■ Directions for this task
Everything in the data except the pictures belongs in your answer, copied exactly.
+++ Extracted data +++
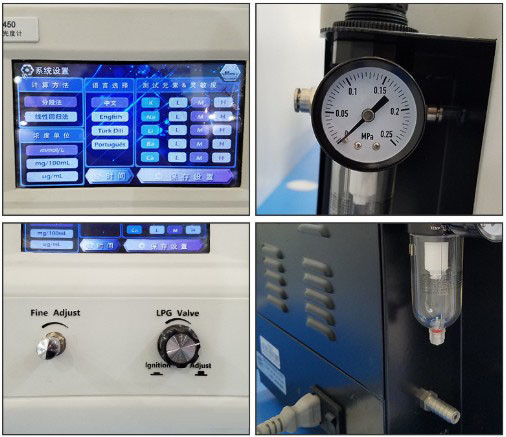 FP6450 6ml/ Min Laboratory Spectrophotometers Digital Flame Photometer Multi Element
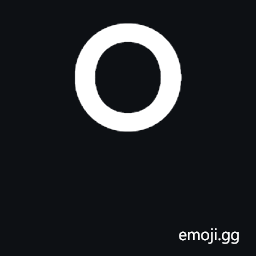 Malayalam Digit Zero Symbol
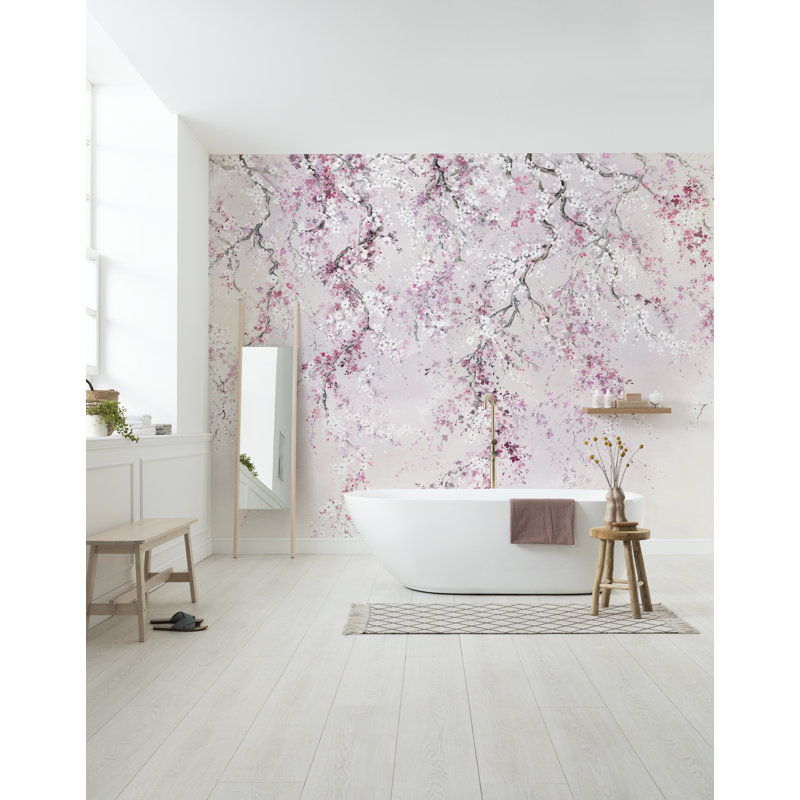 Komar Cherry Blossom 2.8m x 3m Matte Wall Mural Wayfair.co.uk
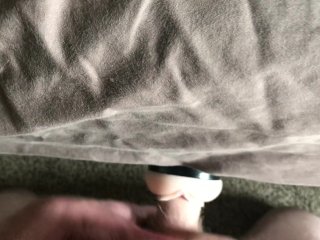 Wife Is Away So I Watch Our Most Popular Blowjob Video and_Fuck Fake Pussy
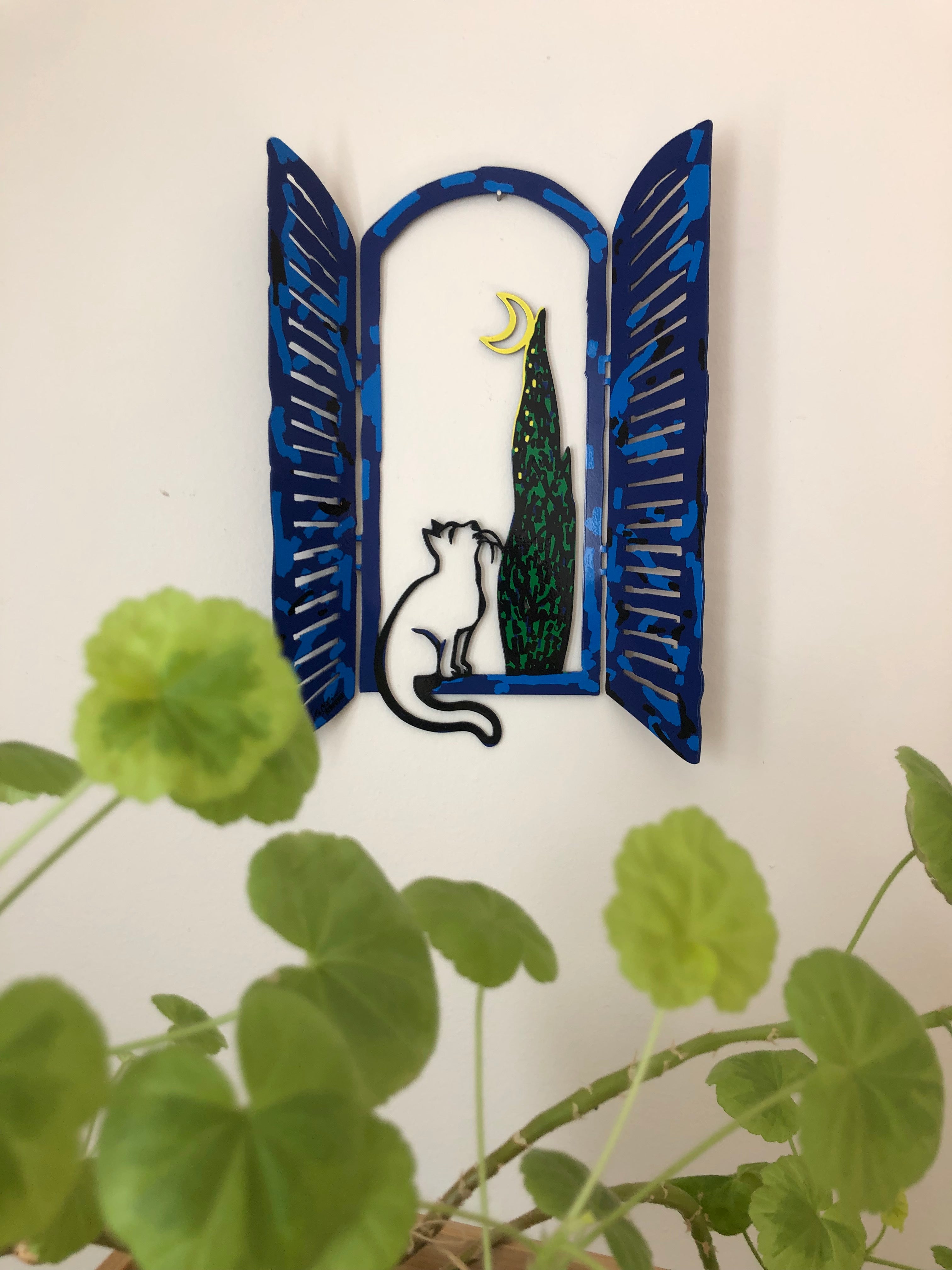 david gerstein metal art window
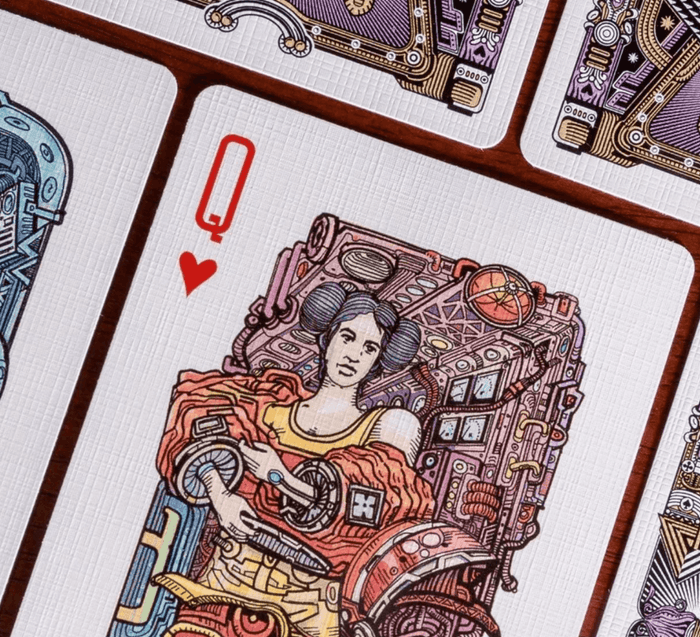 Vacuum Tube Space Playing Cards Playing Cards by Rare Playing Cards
+++
■ Task solution
 FP6450 6ml/ Min Laboratory Spectrophotometers Digital Flame Photometer Multi Element
 Malayalam Digit Zero Symbol
 Komar Cherry Blossom 2.8m x 3m Matte Wall Mural Wayfair.co.uk
 Wife Is Away So I Watch Our Most Popular Blowjob Video and_Fuck Fake Pussy
 david gerstein metal art window
 Vacuum Tube Space Playing Cards Playing Cards by Rare Playing Cards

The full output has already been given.